**WORK TASK**
Copy the lines below that contain "Haute".

**GIVEN ENTRIES**
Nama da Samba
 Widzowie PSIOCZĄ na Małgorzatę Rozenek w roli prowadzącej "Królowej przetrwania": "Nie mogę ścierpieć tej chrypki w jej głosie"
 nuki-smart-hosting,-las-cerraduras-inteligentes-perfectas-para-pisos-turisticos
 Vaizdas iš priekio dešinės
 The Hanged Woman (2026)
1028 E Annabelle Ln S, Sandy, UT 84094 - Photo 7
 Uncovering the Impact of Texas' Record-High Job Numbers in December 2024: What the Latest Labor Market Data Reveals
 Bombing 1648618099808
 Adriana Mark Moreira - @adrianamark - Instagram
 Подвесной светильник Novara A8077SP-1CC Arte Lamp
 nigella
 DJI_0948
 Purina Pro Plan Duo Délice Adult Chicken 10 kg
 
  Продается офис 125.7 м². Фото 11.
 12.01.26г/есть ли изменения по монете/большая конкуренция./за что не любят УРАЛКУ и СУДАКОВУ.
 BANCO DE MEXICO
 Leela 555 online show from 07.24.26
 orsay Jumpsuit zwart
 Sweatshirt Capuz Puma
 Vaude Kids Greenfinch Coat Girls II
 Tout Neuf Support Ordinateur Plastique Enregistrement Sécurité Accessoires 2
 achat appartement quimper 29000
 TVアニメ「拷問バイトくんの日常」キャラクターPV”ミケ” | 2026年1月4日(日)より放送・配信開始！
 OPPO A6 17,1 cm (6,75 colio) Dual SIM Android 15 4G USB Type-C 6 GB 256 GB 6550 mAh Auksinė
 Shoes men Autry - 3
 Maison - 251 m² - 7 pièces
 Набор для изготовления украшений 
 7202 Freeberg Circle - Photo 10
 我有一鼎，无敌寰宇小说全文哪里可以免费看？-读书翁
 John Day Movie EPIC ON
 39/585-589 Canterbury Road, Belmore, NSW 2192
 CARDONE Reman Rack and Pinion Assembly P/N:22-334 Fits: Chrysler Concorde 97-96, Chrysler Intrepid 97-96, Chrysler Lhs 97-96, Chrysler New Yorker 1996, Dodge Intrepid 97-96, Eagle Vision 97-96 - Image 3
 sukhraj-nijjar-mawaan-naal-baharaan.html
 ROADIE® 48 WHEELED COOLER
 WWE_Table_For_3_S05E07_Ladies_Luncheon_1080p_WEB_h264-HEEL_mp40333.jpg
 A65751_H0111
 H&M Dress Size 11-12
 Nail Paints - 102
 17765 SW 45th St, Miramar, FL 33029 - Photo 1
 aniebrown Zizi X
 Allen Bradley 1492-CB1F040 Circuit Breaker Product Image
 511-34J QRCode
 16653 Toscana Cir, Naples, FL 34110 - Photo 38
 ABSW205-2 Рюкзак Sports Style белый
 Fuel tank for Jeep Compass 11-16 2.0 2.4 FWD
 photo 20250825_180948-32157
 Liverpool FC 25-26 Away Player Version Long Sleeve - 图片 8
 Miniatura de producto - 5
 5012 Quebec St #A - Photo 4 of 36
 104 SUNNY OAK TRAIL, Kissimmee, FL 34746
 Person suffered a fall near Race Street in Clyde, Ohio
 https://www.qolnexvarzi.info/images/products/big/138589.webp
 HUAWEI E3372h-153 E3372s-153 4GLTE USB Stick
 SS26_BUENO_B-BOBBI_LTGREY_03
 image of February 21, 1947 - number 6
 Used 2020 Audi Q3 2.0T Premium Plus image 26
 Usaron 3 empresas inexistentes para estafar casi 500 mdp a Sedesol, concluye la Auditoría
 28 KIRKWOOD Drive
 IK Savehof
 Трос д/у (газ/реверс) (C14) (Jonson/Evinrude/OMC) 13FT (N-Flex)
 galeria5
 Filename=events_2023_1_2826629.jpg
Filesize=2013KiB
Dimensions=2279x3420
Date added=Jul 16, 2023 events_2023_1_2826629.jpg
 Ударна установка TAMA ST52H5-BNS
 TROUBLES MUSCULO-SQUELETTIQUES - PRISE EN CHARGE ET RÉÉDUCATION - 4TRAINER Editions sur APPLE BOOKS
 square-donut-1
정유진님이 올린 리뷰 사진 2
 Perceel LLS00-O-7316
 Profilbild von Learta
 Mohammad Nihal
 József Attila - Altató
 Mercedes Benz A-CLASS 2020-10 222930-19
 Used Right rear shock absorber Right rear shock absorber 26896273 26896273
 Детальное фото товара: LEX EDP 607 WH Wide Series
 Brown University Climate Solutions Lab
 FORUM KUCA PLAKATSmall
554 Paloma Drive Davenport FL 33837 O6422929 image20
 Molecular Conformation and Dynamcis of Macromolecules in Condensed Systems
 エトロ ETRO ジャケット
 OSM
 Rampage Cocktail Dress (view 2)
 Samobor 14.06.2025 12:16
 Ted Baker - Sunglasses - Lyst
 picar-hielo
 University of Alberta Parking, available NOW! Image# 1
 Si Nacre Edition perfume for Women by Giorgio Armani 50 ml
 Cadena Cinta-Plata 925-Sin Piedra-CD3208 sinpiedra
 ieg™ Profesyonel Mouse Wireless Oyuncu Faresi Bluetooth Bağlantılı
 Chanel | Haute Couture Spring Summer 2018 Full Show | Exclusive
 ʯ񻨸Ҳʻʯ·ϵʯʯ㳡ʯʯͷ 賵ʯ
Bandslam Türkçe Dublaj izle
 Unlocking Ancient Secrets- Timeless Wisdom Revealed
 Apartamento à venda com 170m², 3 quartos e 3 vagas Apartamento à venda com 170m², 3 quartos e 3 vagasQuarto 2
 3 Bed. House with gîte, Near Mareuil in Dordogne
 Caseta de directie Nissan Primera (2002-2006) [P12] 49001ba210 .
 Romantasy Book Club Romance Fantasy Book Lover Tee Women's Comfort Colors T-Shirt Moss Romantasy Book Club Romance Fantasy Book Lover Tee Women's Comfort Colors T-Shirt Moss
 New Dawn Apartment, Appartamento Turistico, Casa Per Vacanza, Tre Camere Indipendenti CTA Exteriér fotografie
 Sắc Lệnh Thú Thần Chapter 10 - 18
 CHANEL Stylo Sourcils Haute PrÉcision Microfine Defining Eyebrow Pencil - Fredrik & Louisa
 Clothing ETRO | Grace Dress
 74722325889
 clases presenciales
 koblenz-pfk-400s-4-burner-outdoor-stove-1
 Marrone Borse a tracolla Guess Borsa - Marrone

**ANSWER BOX**
 Chanel | Haute Couture Spring Summer 2018 Full Show | Exclusive
 CHANEL Stylo Sourcils Haute PrÉcision Microfine Defining Eyebrow Pencil - Fredrik & Louisa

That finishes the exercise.